Le lieutenant-colonel Jérôme Bonnafoux, représentant du SDIS de l’Hérault, a justifié ces transferts successifs en affirmant que le personnel du 18 était légalement tenu de transférer les appels vers le Centre 15. "Pour un appel d’une personne malade ou blessée à domicile parvenu au 18 ou au 112, la loi nous oblige à le transférer au Centre 15 pour une régulation, et c’est le médecin de garde du SAMU qui décide de la suite à donner", a-t-il indiqué à nos confrères, précisant que seule la décision du SAMU pouvait déclencher l’envoi du SMUR, d'une ambulance des pompiers ou l'intervention de SOS Médecin.

«Je vois tout blanc, j’ai le corps en feu, je vais mourir»

En dépit des appels successifs, l'état de la victime s'aggrave rapidement. "Mon amie s’est évanouie, elle présente des selles avec du liquide rouge sang, elle ne peut plus bouger ses jambes, elle a une main rigide avec impossibilité de bouger les doigts", raconte l’amie, qui continue de demander une intervention. Un opérateur lui recommande alors de soulager les douleurs de la patiente en passant sa main sous l'eau et en lui faisant "prendre une douche chaude". Elle tente de suivre ces instructions, mais s’affole en découvrant de multiples taches "bizarres et anormales" sur le corps de son amie. Finalement, elle parvient à trouver un ami qui a un véhicule pour effectuer le transport.

À 16h56, la jeune femme est descendue difficilement jusqu'à la voiture, incapable de bouger ou de marcher.

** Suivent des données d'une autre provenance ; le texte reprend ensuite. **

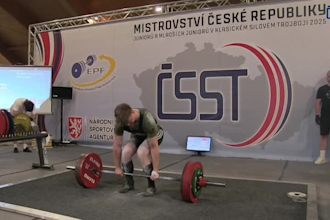 create a custom powerlifting program to increase your squat bench and deadlift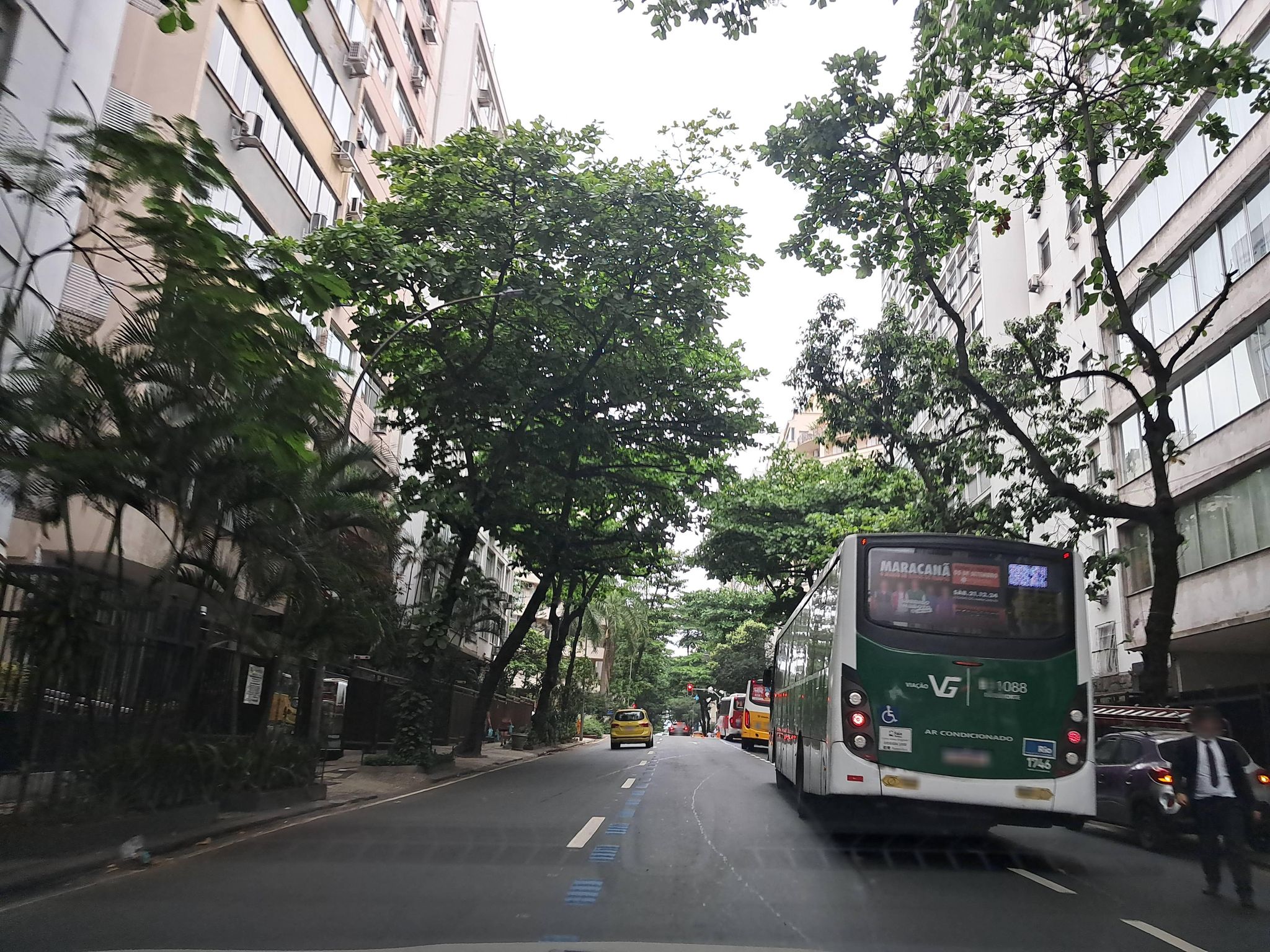 Street-level view near Edifício Willmann, Ipanema
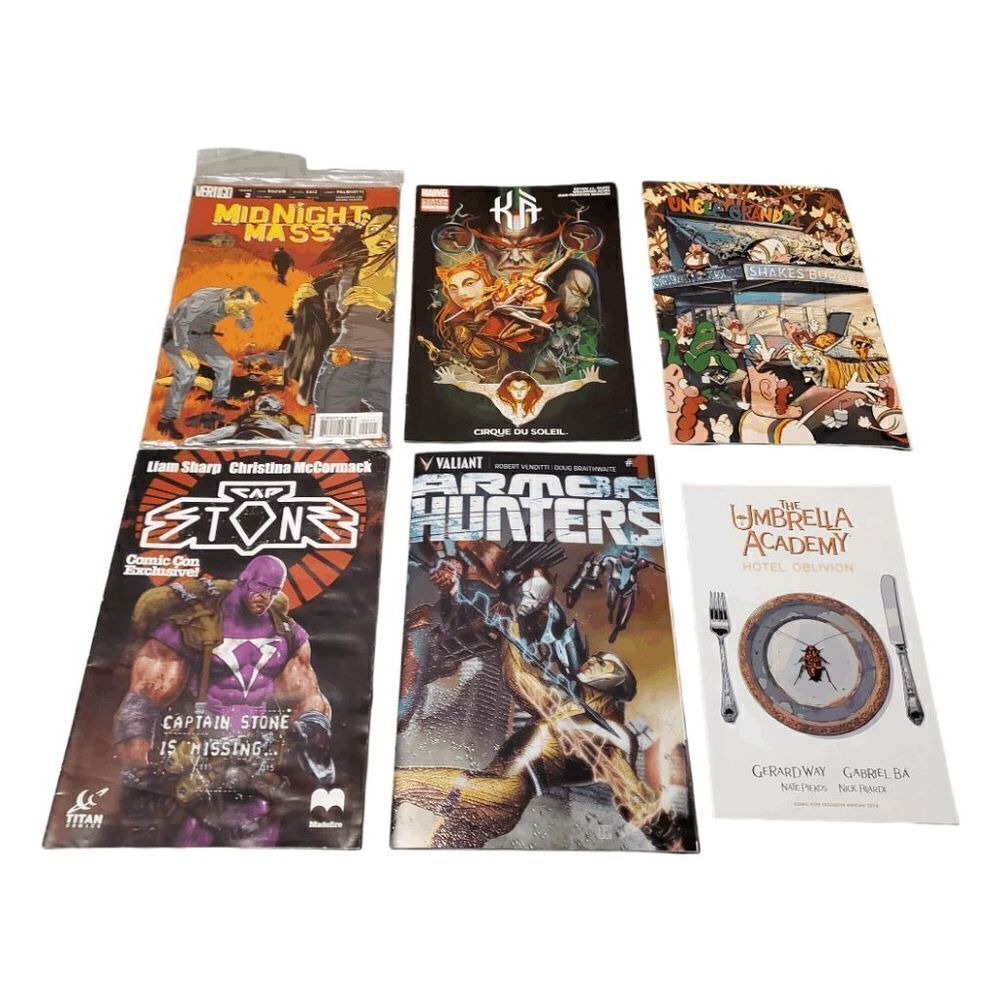 Lot of 12 comic con exclusive/custom edition comics - see description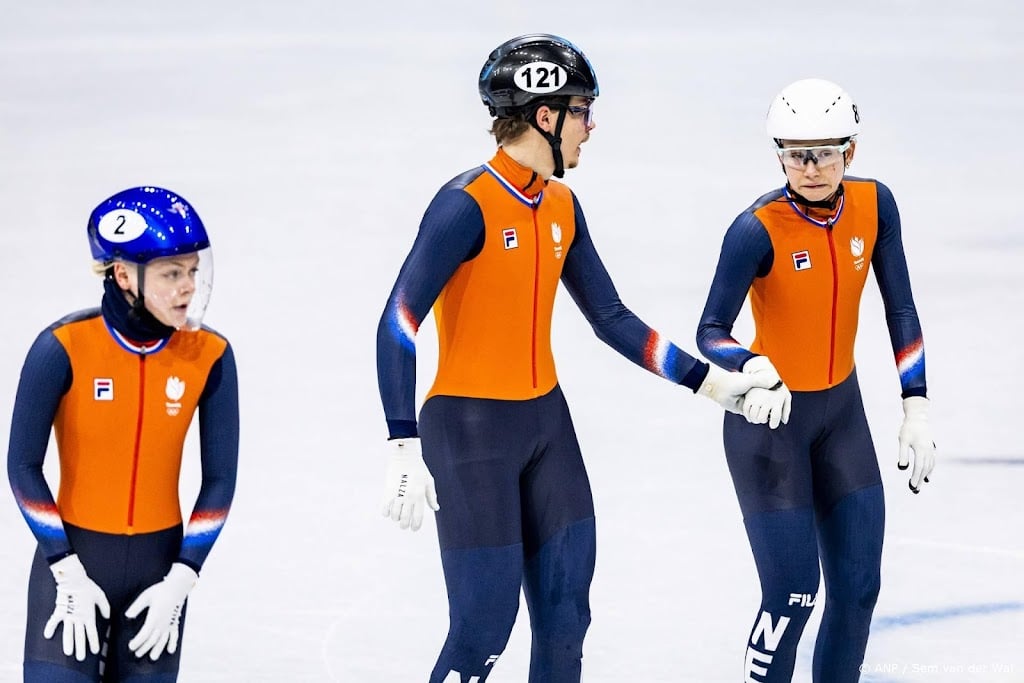 Shorttrackers bij Spelen naar halve finale op gemengde aflossing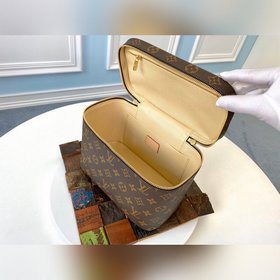 LV Артикул： M42265 Большая косметичка Независимо от того, носит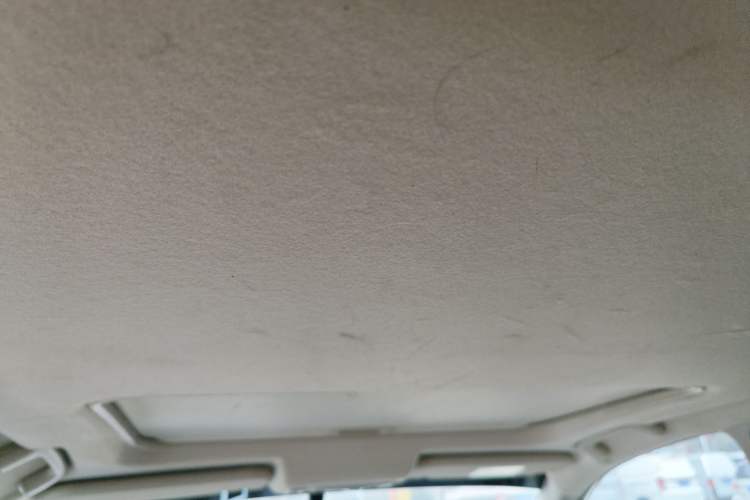 Used Mitsubishi Pajero Sport 2013 3.0L Automatic Two-Wheel Drive Luxury Edition Headliner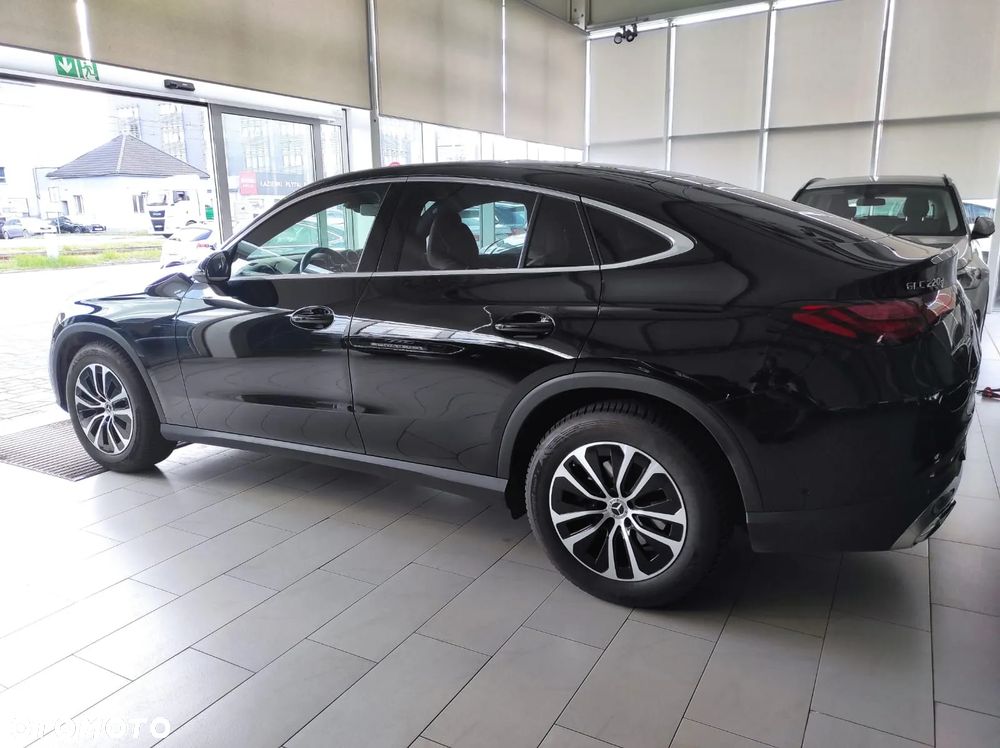 Mercedes-Benz GLC - 7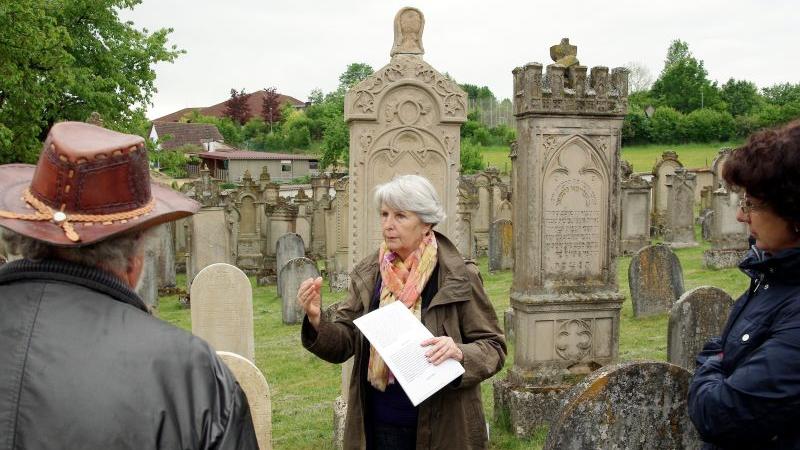 Freundeskreis hat den Hainsfarther Judenfriedhof in seiner Obhut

Pendant le trajet vers la polyclinique Saint-Roch, elle s'affaiblit de plus en plus. "Elle répète : 'Je vois tout blanc, j’ai le corps en feu, je vais mourir', puis elle perd connaissance", se souvient son amie. Prise en charge par les urgentistes à 17h30, la jeune femme est transférée en urgence absolue au CHU de Montpellier, où elle décède peu après.

Les parents de la victime ont déposé plainte pour homicide involontaire. Une enquête préliminaire a été ouverte par le parquet de Montpellier et une autopsie a révélé que la jeune femme est morte d’une méningite aiguë, une infection qui n’a pas été diagnostiquée à temps. Les bandes sonores des appels aux services d'urgence ont été saisies par la police. "Les enregistrements confirment que toutes mes alertes n’ont pas été prises en compte, c’est vraiment accablant", assure l’amie de la victime.

L'agent régulateur ayant reçu les appels suspendu

Dans un communiqué publié ce vendredi soir, le CHU de Montpellier a exprimé sa "profonde tristesse" et ses "sincères condoléances à la famille et aux proches de cette jeune patiente". La direction de l’hôpital a annoncé l’ouverture d’une enquête interne et s’est engagée à fournir en toute transparence "les précisions nécessaires à la compréhension des circonstances exactes du décès". "Plusieurs mesures ont déjà été prises au sein de l’établissement", précise le CHU. L'Agence régionale de santé (ARS) d'Occitanie a également déclenché une inspection.

Le SAMU et le CHU ont suspendu à titre conservatoire l’assistant régulateur ayant pris les appels de la victime. "Il ne faut absolument plus que ce genre de situation se reproduise. Comme la famille, terrassée par ce décès brutal, je souhaite ardemment que ces effrayants dysfonctionnements ayant conduit à la mort injuste d’une femme de 25 ans soient analysés, décortiqués pour que ça n’arrive plus jamais", affirme l’amie de la victime, dénonçant par ailleurs les "détails du drame encore troubles" avancés par le CHU. Elle ajoute : "Lire cela dans le communiqué du CHU est honteux, c’est faux, on sait ce qui s’est passé et pourquoi elle est morte", et de conclure : "Avoir été impuissante à la sauver me torture tous les jours".